The impact of new infrastructure on previously overlooked places is hard to predict, especially in centralised, sometimes conservative countries such as Britain, where people and companies can be hard to lure away from their accustomed locations. The gradual shifts and sheer complexity of the economy also mean that it can take a long time for voters to accept, if they ever do, that such infrastructure hasn’t brought enough benefits to justify its expense. The Humber Bridge cost £385m to build in today’s money. It was financed by government loans, which have generated even larger interest charges, and which have yet to be fully paid back despite a toll for bridge users, as almost everyone I spoke to locally pointed out. But none said that building the bridge hadn’t been worthwhile.

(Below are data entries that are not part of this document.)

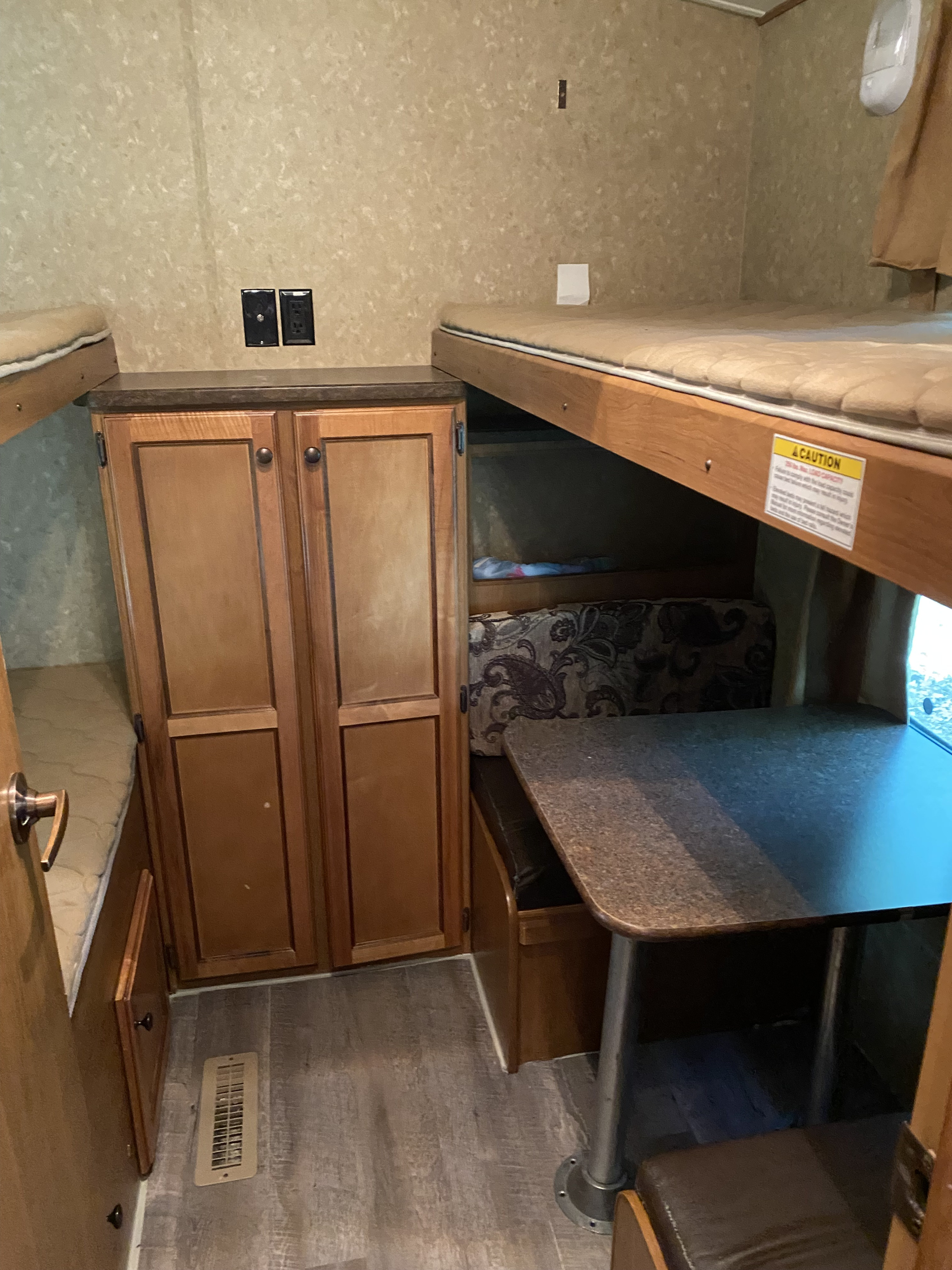 RV rental interior features comfortable bunk beds, a central wardrobe, and a functional dinette, ideal for travel.. Crossroads RV Sunset Trail Super Lite 2012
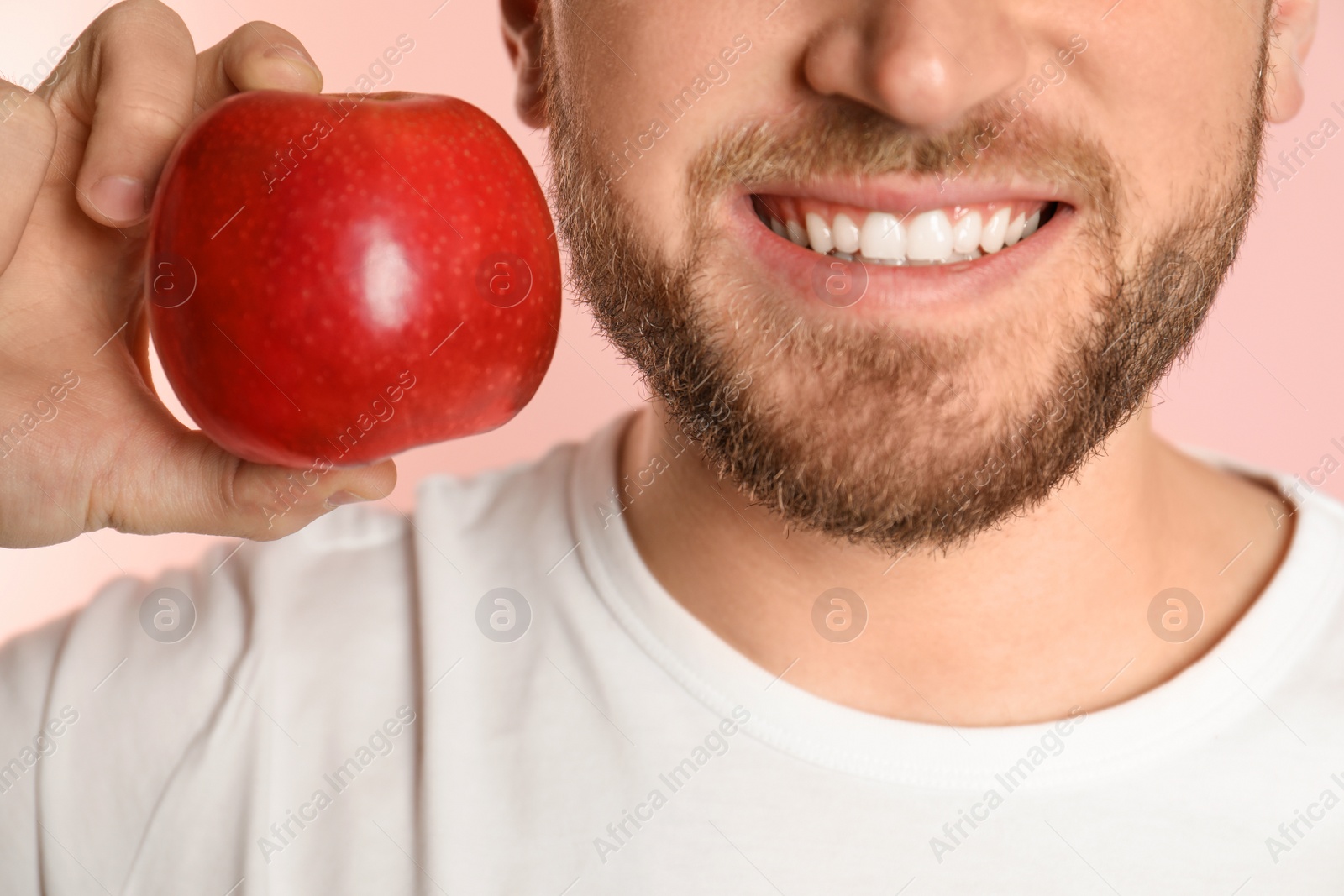 Photo of Young man with healthy teeth and apple on color background, closeup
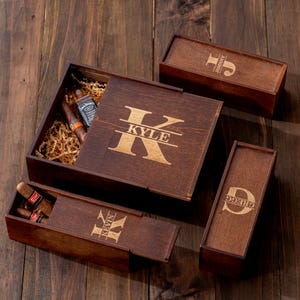 May include: A wooden gift set featuring a large box and three smaller boxes. The large box lid is engraved with the name "Kyle". The smaller boxes are engraved with the names "Johnny", "Kevin", and "Gregg". The large box contains cigars and a small bottle of liquor.
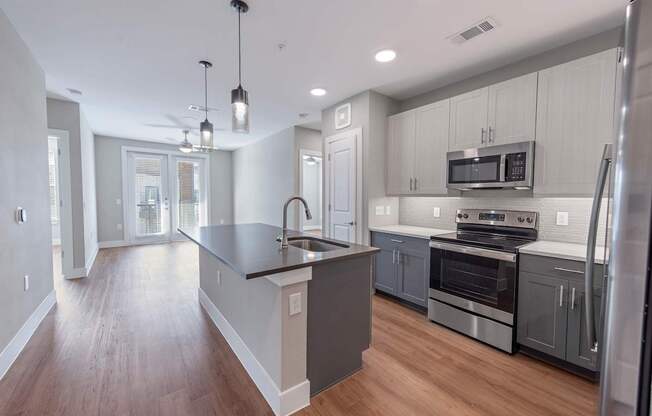 A modern kitchen with a large island and stainless steel appliances.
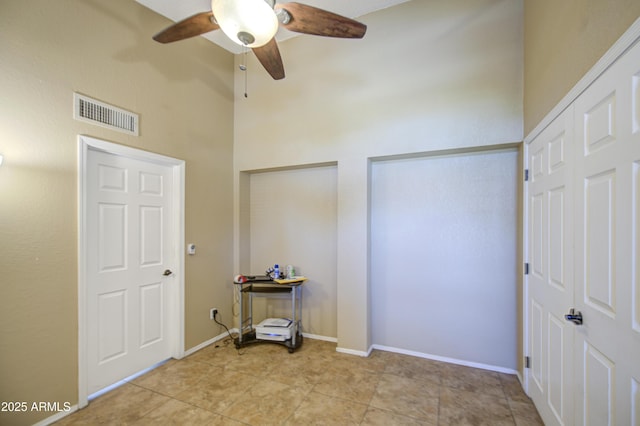 5424 E Florian Ave, Mesa, AZ 85206 - unfurnished bedroom with a high ceiling, ceiling fan, and light tile patterned floors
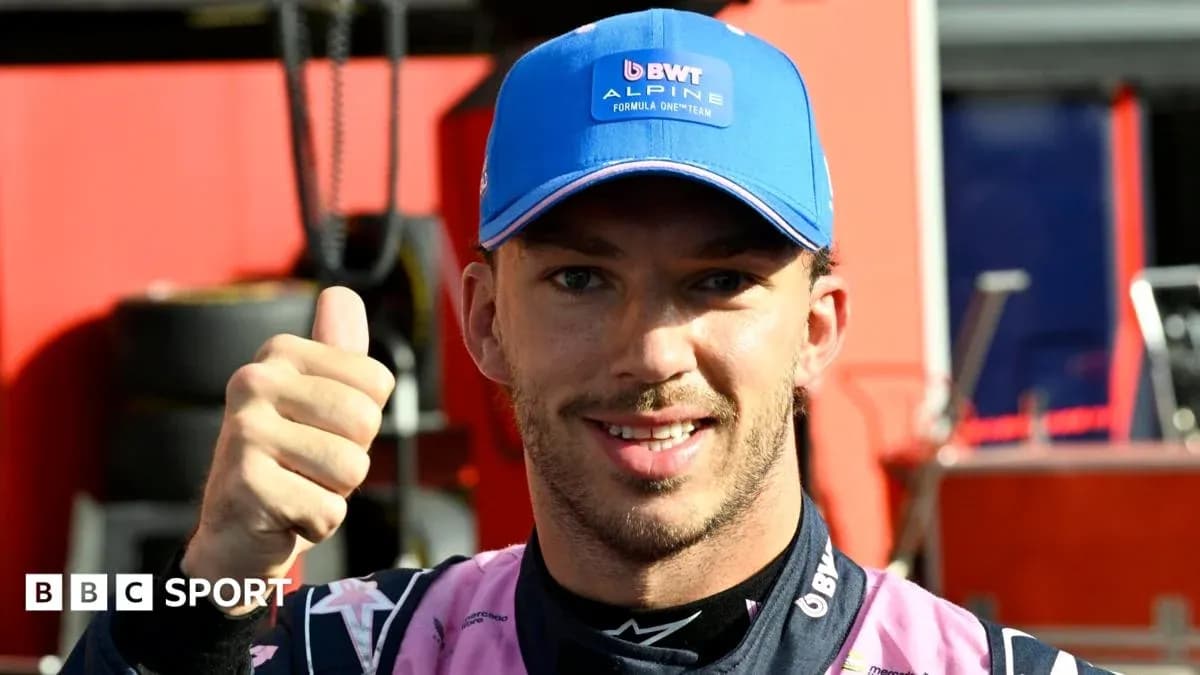 Pilote avec un pouce levé en tenue de course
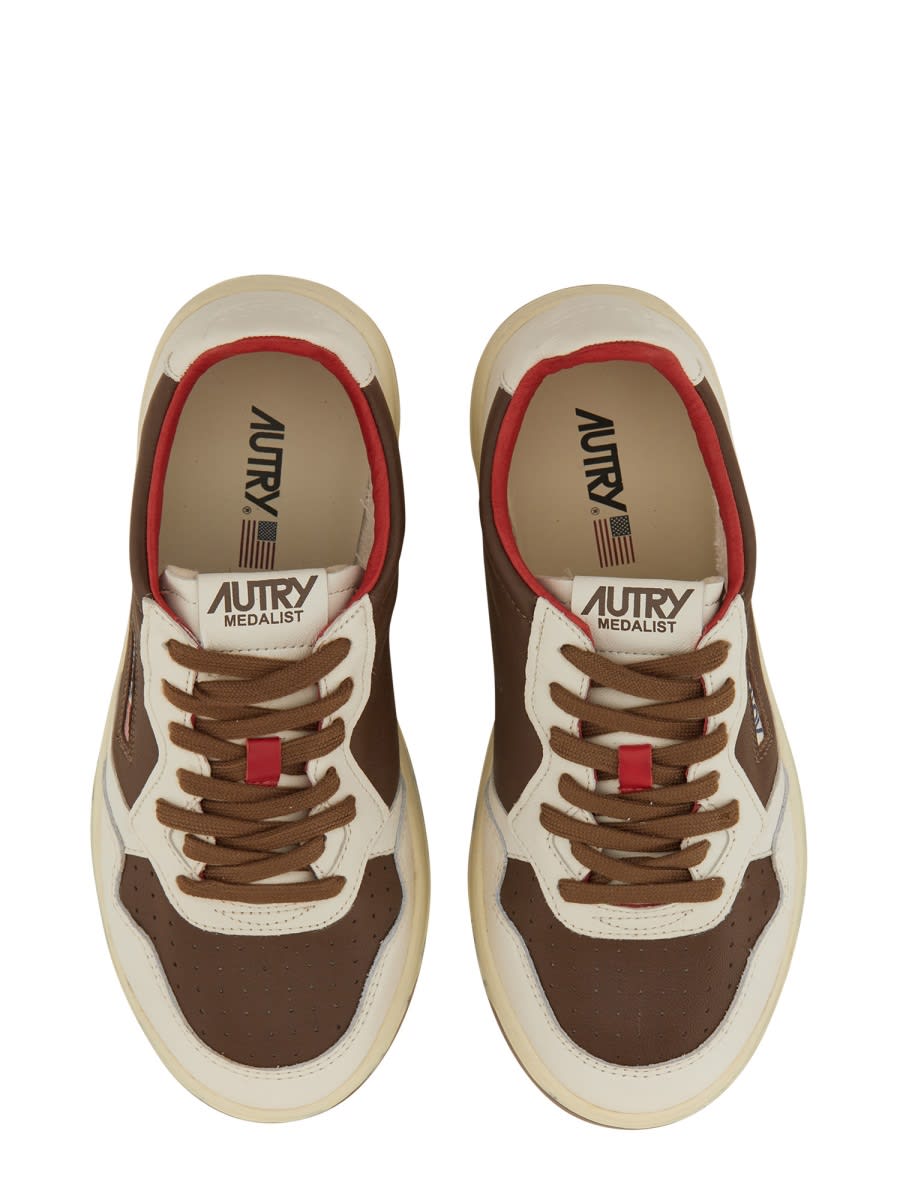 Shop Autry Medalist Sneaker In Brown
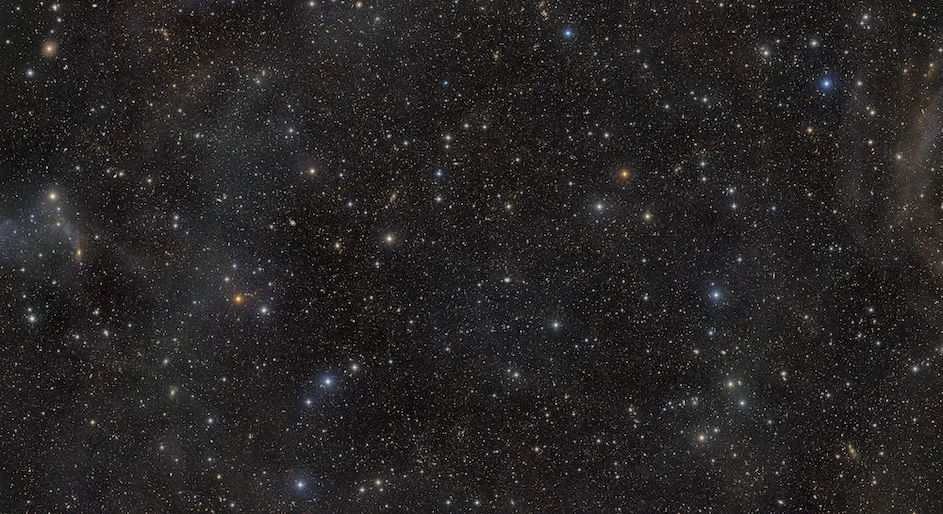 This image from NSF–DOE Vera C. Rubin Observatory reveals the COSMOS field, a clear window into the distant Universe. Combining multiple LSST Camera observations, it captures galaxies and clusters across cosmic time, along with faint wisps of Milky Way dust. (NSF–DOE Rubin Observatory/NOIRLab/SLAC/AURA)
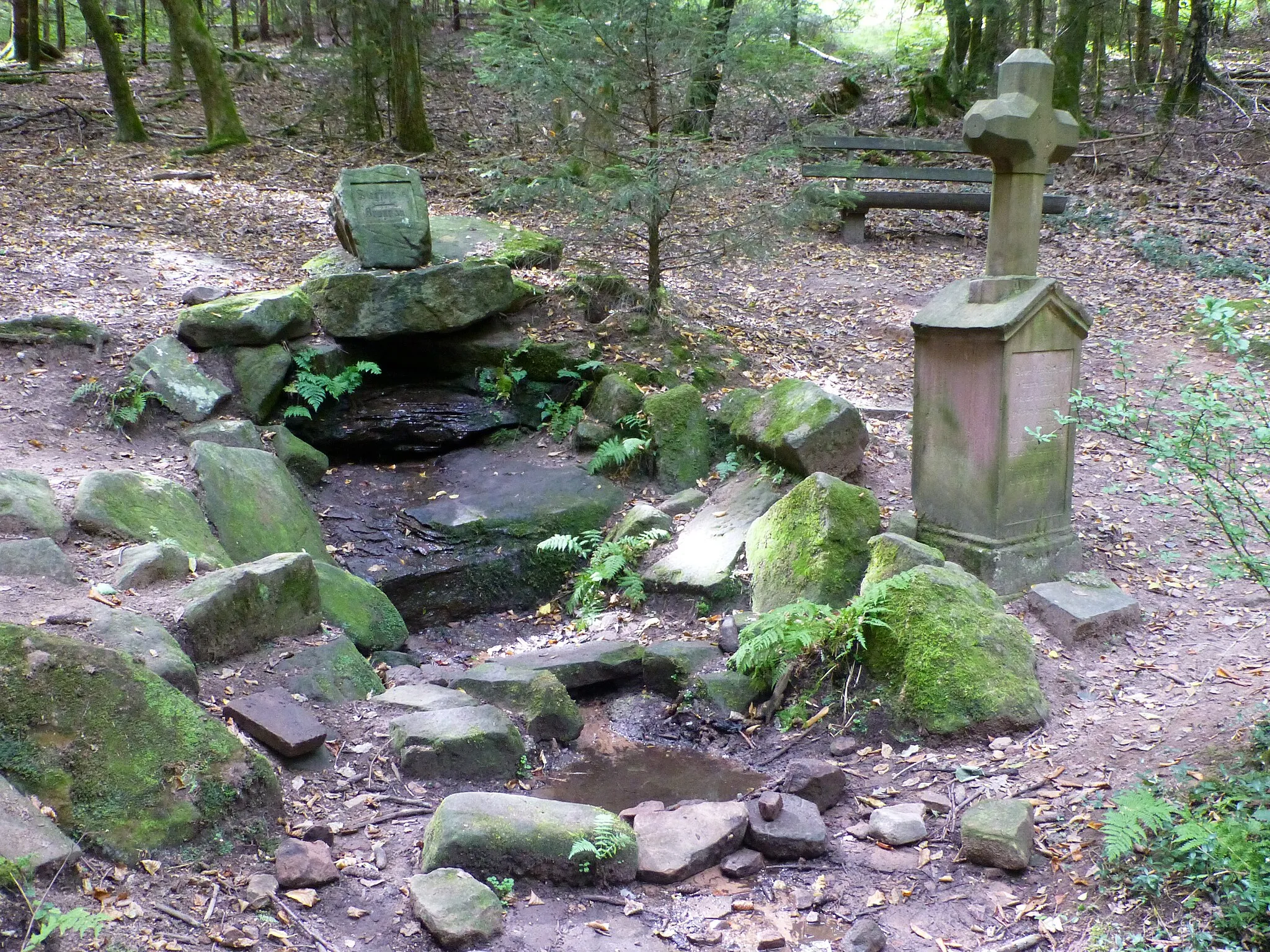 Photo showing: Siegfriedbrunnen südöstlich von Gras-Ellenbach; rechts ein Steinkreuz als Gedenkstein mit Inschrift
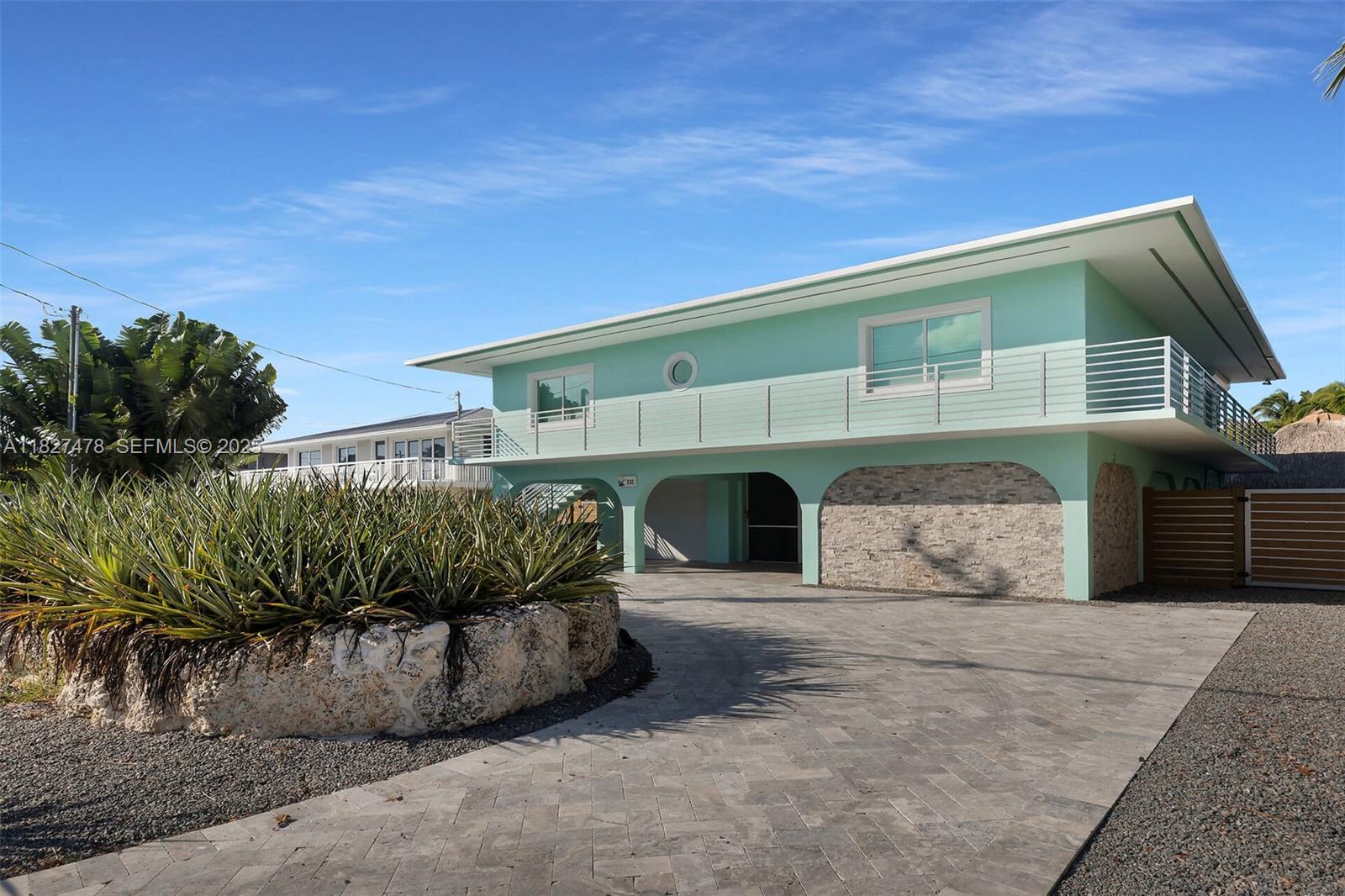 A two-story mint green house features a stone-clad ground floor, arched entryways, and a balcony — 232 W Seaview Dr, Duck FL 33050, DUCK, FL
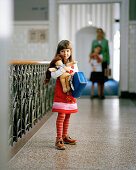 Girl with suitcase and rag doll in the hallway of a hotel, Rotterdam, Netherlands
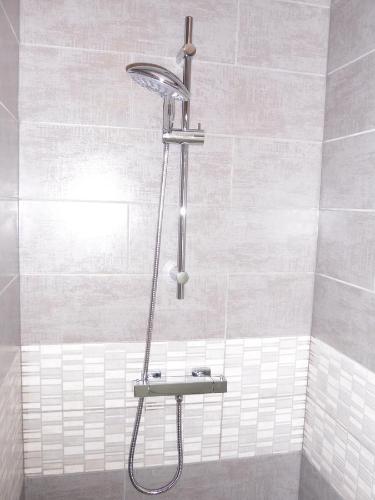une douche avec pommeau de douche dans une salle de bain dans l'établissement Cottages de la ville Daniou, à Langrolay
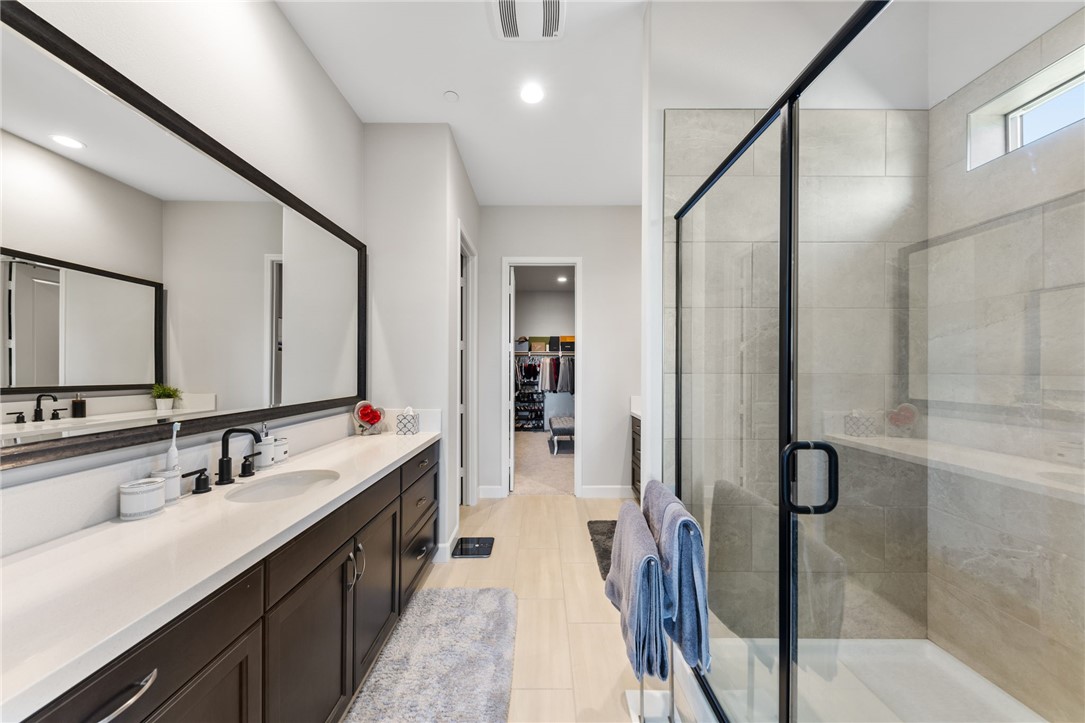 7631 Capstone Court Riverside, CA 92506 - Photo 15 of 39 Primary bathroom with designer walk-in shower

As a notoriously short-term politician, Johnson may not be too worried about whether his government’s levelling-up construction projects are effective in the long term. It’s the photo opportunities all the building sites will provide and the overall impression of purposeful government that are probably his first priorities. As he recently told the US magazine the Atlantic: “People live by narrative. Human beings are creatures of the imagination.” He didn’t sound as if he lies awake at night thinking about northern England’s precise contribution to our gross domestic product.
Conservative governments have sometimes used the north-east of England, in particular, as a stage for displays of economic ingenuity and social concern. In 1987, Thatcher performed a pensive, highly publicised walkabout on a bleak former industrial site on Teesside, and set up a development corporation there soon afterwards. David Cameron announced a Humber enterprise zone in 2011. This spring, the government announced a Humber freeport. The frequency of these initiatives could show that the Tories have treated the region with a seriousness that, until their recent electoral successes there, was under-appreciated. Or it could show that none of these schemes have been thought through enough to really work.
Northern England is full of spectacular structures, and Johnson may add to them. But the economy’s centre of gravity will probably stay where it has been for a long time, in the quieter landscape of the south. Governments love to build things, but power often likes to hide.